Théâtre du Pavé du 9 mars au 22 avril 2006

Don Juan ou « Le festin de Pierre »

Molière

Mise en scène Jean-Pierre Beauredon

Cie Beaudrain de Paroi

 

Comme tous les chefs-d'oeuvre, le Dom Juan de Molière nous vient de l’avenir.”
Hölderlin

 

"Son histoire relève du mythe. Et bien, cassons-le. Les mythes sont fait pour être brûlés, recomposés, livrés à des imaginaires dénudés ; gratter les couches de fard accumulées, faire exploser les poses et les clichés. Cette fois encore Molière improvise.
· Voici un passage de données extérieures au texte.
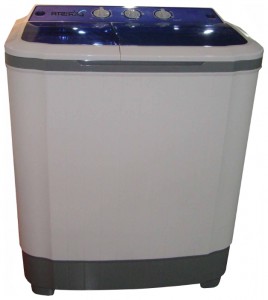 fotoğraf çamaşır makinesi KRIsta KR-40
Il prend son parti de n’avoir pas le temps qu’il lui faudrait. Non par insouciance, mais par courage, et avec quelle hardiesse ! Car ce n’est plus un léger divertissement qu’il s’agit de mettre sur pied en n’y touchant que du bout des doigts, ni quelques brefs dialogues de polémique où la verve emporte tout. Il attaque la matière la plus résistante, le sujet le plus dangereux qui lui soient venus sous la main. Le disparate des matériaux, la rudesse de la construction et de son équilibre, ses ruptures de plans, l’achèvement magistral de certaines parties avec le mépris de l’unité totale, donnent à la pièce un modelage particulier faisant penser à une œuvre architecturale contemporaine. Un travail brusque suffirait à rendre compte de cette étrangeté de structure. Mais nous pouvons nous demander si Molière n’a pas voulu tant de contrastes brutaux, tant de secousses données à l’esprit du spectateur pour faire passer les hardiesses que le réalisme du Tartuffe rendait peut-être intolérables. De tout le répertoire classique, c’est l’œuvre la plus neuve et la plus "saturée" non seulement par le nombre de mises en scène qui ont suivi mais aussi par le formidable appareil de références qui c’est constitué autour du personnage. Malgré des décennies d’exégèses et d’ordonnancements culturels, ce Dom Juan version Beauredon versera dans un savant mélange de l’athée pré-sadien vieillissant, décadent, un monde construit sur le mensonge avec un zeste d’innocence “éternel” de l’homme revenu de tout, avec la mort comme seule compagne."